> **Exercise**
Repeat, exactly as written, the lines from the one with "Grundriss des Erdgeschosses" to the final line of the listing, and keep every picture out.

> **Data block**
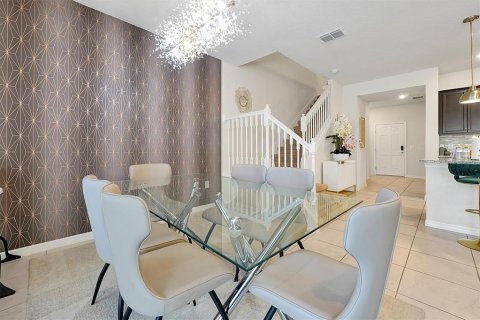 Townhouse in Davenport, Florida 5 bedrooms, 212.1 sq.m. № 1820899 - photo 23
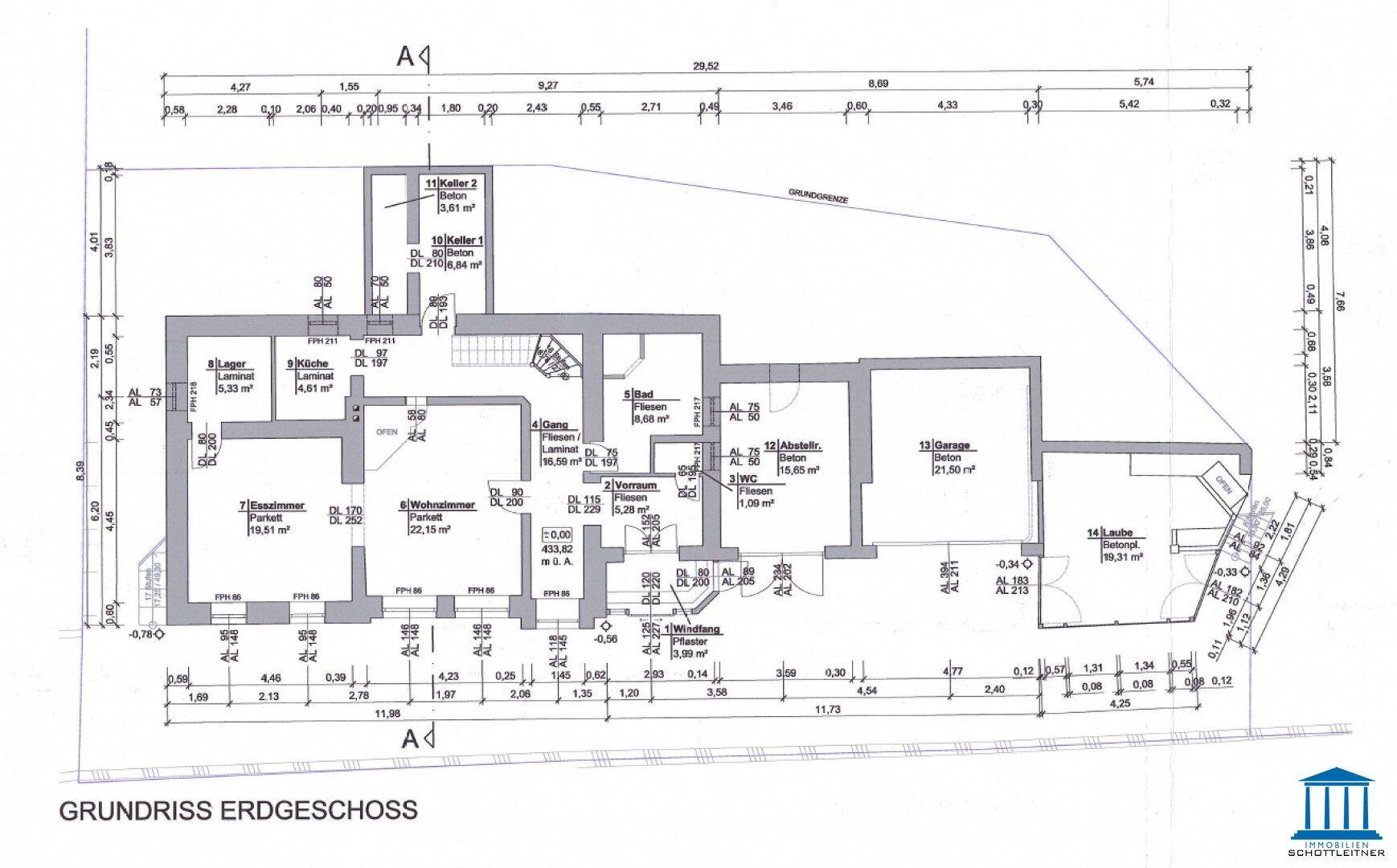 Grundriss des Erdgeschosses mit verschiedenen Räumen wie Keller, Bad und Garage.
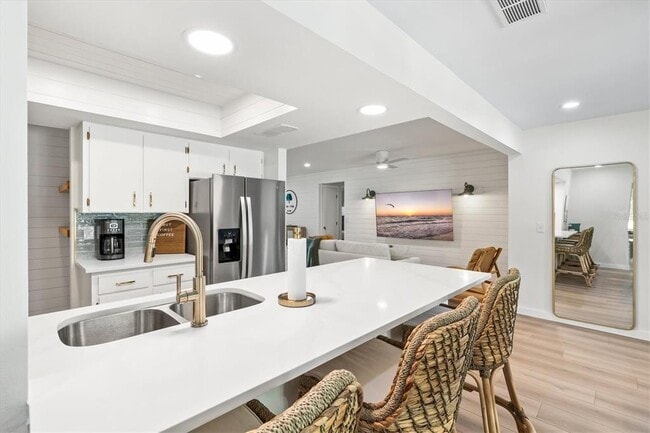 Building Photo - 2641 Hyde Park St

> **Result**
 Grundriss des Erdgeschosses mit verschiedenen Räumen wie Keller, Bad und Garage.
 Building Photo - 2641 Hyde Park St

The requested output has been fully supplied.